Because of the feedback I got here and the number of early access requests I
decided to open a private Beta in September.

It was the best decision I’ve ever made. In the last 3 months I found too many
bugs and had incorrect assumptions. But learned so much because of all manual
validation required to deliver projects. I now understand better my target
market. Most importantly I’ve learned from actual paying customers [2].

We still don’t have the whole process 100% automated though. We are delivering
projects, on average, within 48 hours (too much time IMHO). Our goal is to
decrease the delivery time for 12 hours in the next quarter. To achieve this
we need more training data and a better human validation workflow.

Because we have more under control - but really far from knowing it all - we
are ready to launch publicly. Zecoda it’s a payed product because:

\- We still have human validation

\- We are solving a real world problem that has intrinsic value

\- We are in the business of making our customers happy and will never ship
bad code

What we guarantee is that, if you are unhappy with the results, we'll refund
you. Hopefully we’ll be able to open a free tier in the future. Just need to
reduce human verification to the minimum.
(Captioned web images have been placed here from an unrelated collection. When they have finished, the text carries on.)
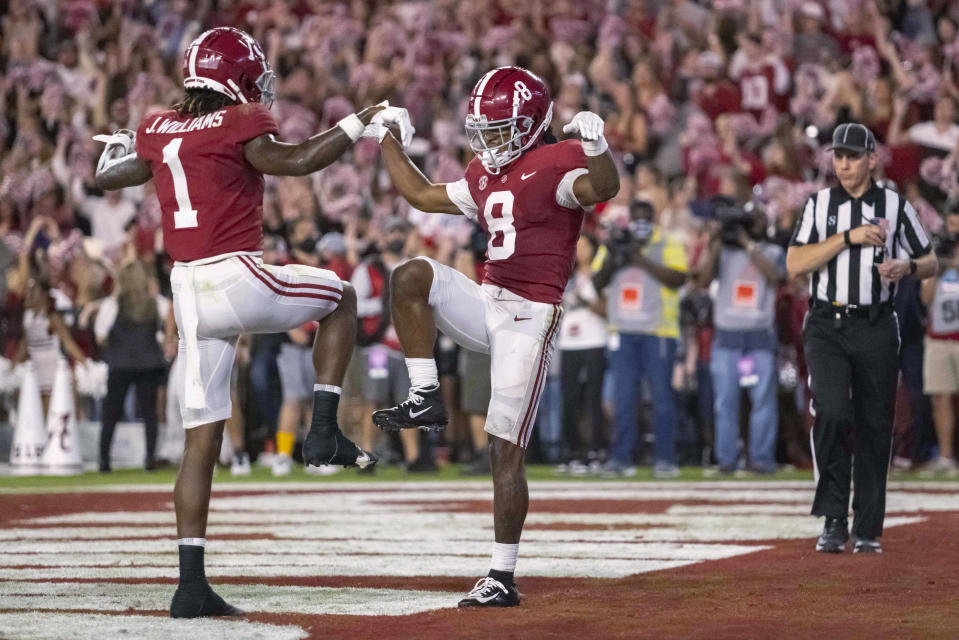 Alabama wide receivers Jameson Williams (1) and John Metchie III (8) celebrate Metchie's touchdown against Tennessee during the first half of an NCAA college football game Saturday, Oct. 23, 2021, in Tuscaloosa, Ala. (AP Photo/Vasha Hunt)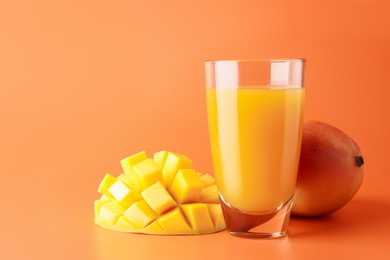 Photo of Tasty mango juice in glass and fresh fruits on orange background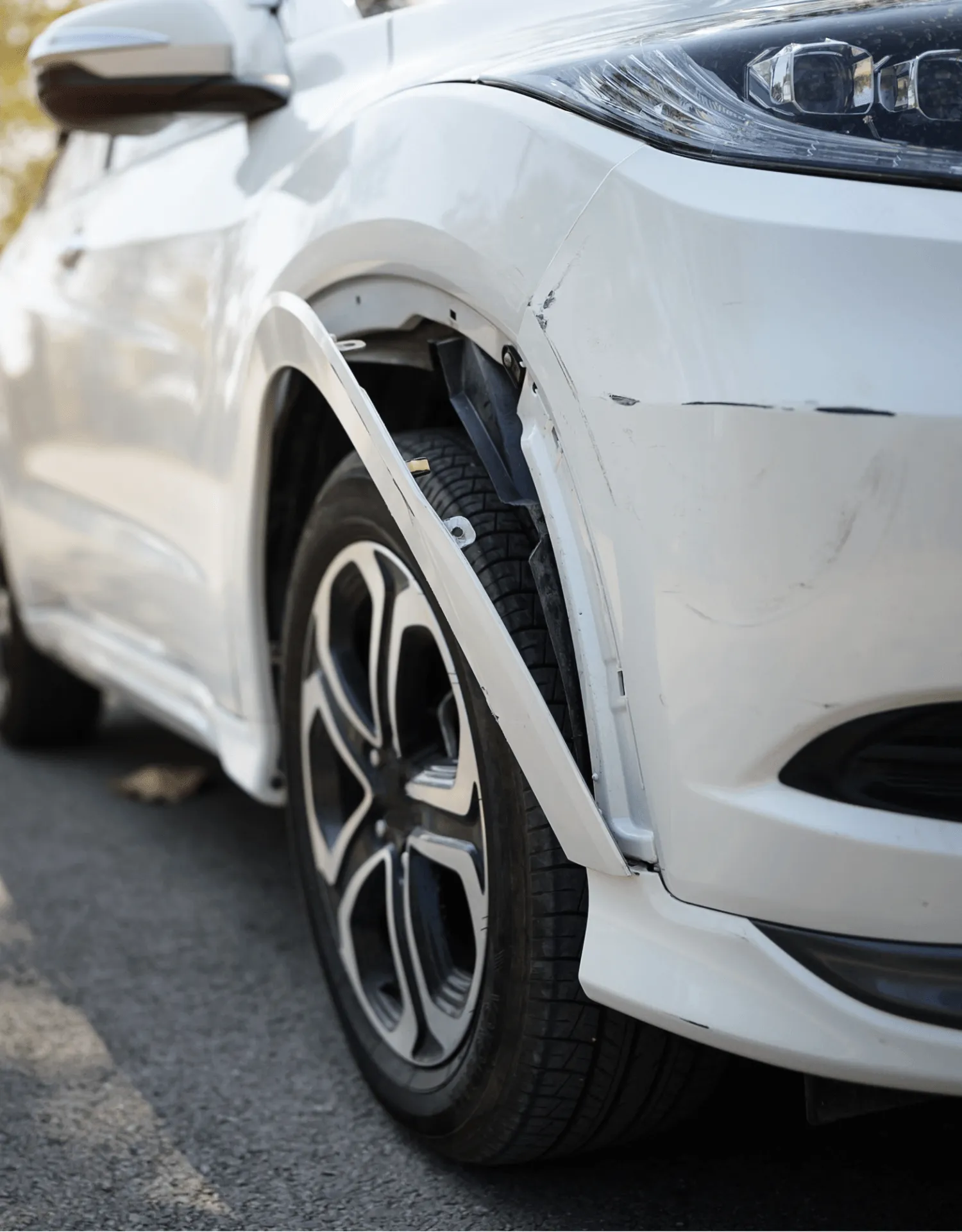 A close-up of a white car showing collision damage, with scuff marks on the front bumper and the plastic wheel arch trim broken and hanging loose over the tyre.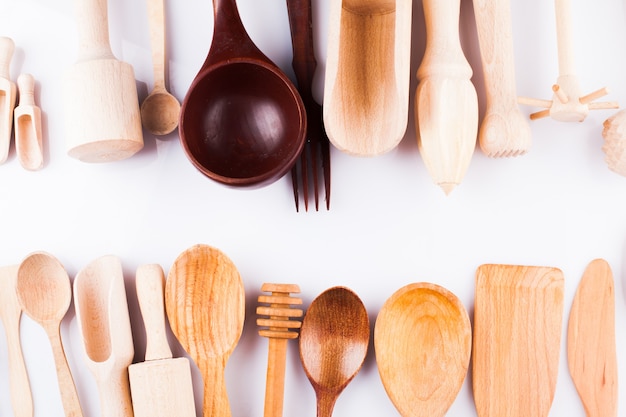 Surtido de utensilios de cocina de madera sobre un fondo blanco.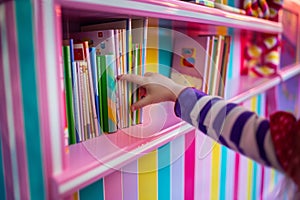 kids hand pulling a book from a candystriped shelf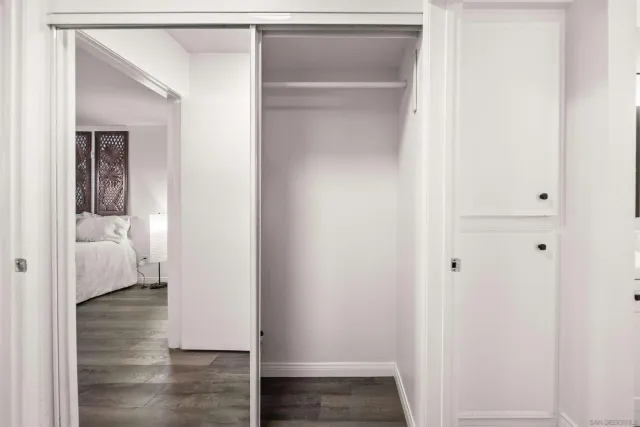 a view of a bedroom from a hallway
I’d love to hear your feedback and questions. This time you can actual try it
:)

We can be more productive without repetitive tasks.

//

Sign up: [https://zecoda.com/register](https://zecoda.com/register)

Demo: [https://zecoda.com/#demo](https://zecoda.com/#demo)

Follow our journey:
[https://twitter.com/zecodahq](https://twitter.com/zecodahq)

[1]
[https://news.ycombinator.com/item?id=20624140](https://news.ycombinator.com/item?id=20624140)

[2] [https://zecoda.com/#customers](https://zecoda.com/#customers)

PS - Have a great Thanksgiving everybody!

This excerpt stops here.